Eighteen of 24 initial items were selected as significant for the final tests. These 18 showed high initial validity and reliability. The Spearman correlation coefficient for the total score of the test and functional dysphagia scale was 0.96 (p<0.001), indicating a statistically significant positive correlation.


This study was carried out to design a quantitative and organ-specific test that assesses the causes of dysphagia in stroke patients; therefore, this test is considered very useful and highly applicable to the diagnosis and treatment of dysphagia.

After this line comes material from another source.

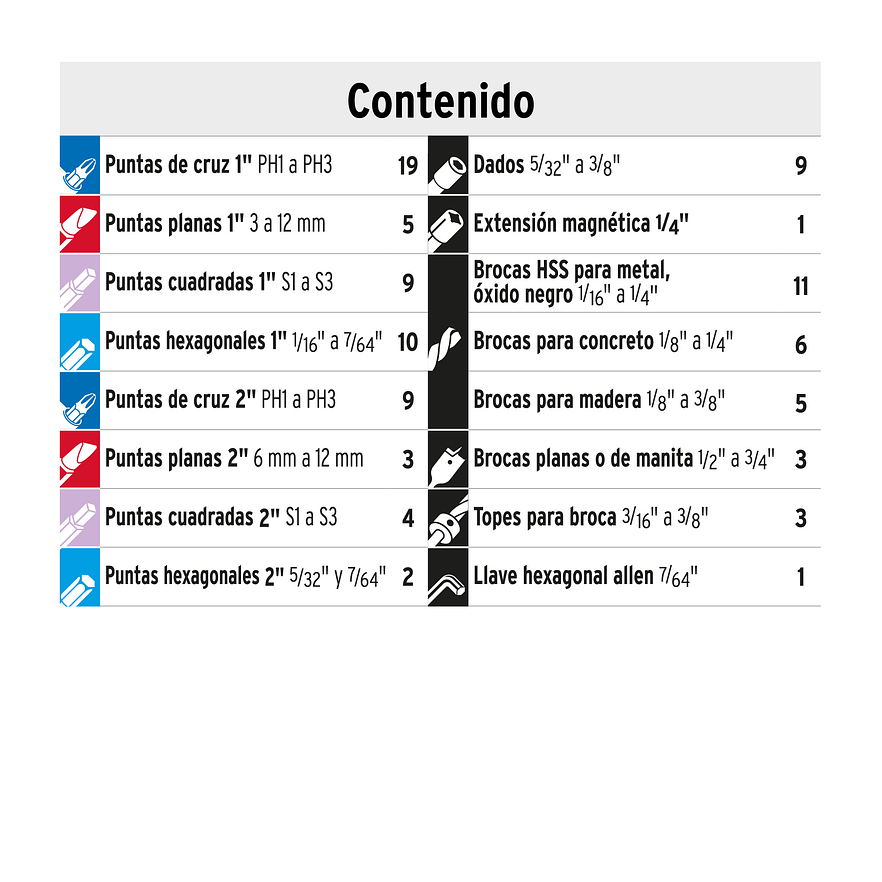 Juego de brocas y puntas Truper 100872, 100 piezas 4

Dysphagia is closely associated with stroke, and aspiration pneumonia is a main cause of death in stroke patients [1,2,3]. Swallowing requires a harmonic movement of muscles in the mouth, pharynx and larynx in that order [4]. To evaluate the extent of dysphagia, it is necessary to evaluate cough reflexes, voice change after eating, speed and strength of mastication, sensation in the face and tongue, lip sealing, laryngeal elevation, and dysphonia [5]. Organ-specific treatment is very effective in treating dysphagia, according to Palmer et al. [6]. Various swallowing organs can be associated with aspiration, and thus, organ-specific assessment is helpful in establishing a treatment plan for stroke patients. Consequently, many dysphagia tests have been developed to assess the risk of aspiration pneumonia in stroke patients. Perry [7] suggested that the Burke dysphagia screening test, timed test, 3-oz water swallowing test, bedside swallowing assessment, and standardized swallowing assessment all provided useful screening tools. Recently, the Gugging Swallowing Screen (GUSS), Toronto Bedside Swallowing Screening Test (TOR-BSST), and acute stroke dysphagia screen have also emerged as useful screening tools [8,9,10]. However, the above-listed screening tools are designed to mainly assess the extent of aspiration; therefore, it is difficult to obtain detailed information on the causes of dysphagia and possible treatments. A functional dysphagia scale (FDS) is herein developed based on a videofluoroscopic swallowing study (VFSS) to diagnose dysphagia and quantitatively express swallowing function [11]. As this method requires the technological capabilities to perform a VFSS and poses risks of radiation exposure, it has the disadvantage that the procedure cannot be performed at the patient's bedside immediately following a stroke [11,12,13]. On the other hand, fiberoptic endoscopic evaluation of swallowing (FEES) can be done at the bedside without a risk of radiation exposure and is very useful in identifying the conditions of the pharynx and larynx; however, it is less capable of evaluating the oral period and esophageal phase and is not quantitative [14]. Nevertheless, VFSS and FEES are gold standards in the confirmation of dysphagia and aspiration is the most crucial factor in these tests.
Given the above, this study aims to develop a practical assessment that allows evaluation of swallowing function in stroke patients with a risk of dysphagia in a quantitative and an organic-specific manner and evaluate their applicability.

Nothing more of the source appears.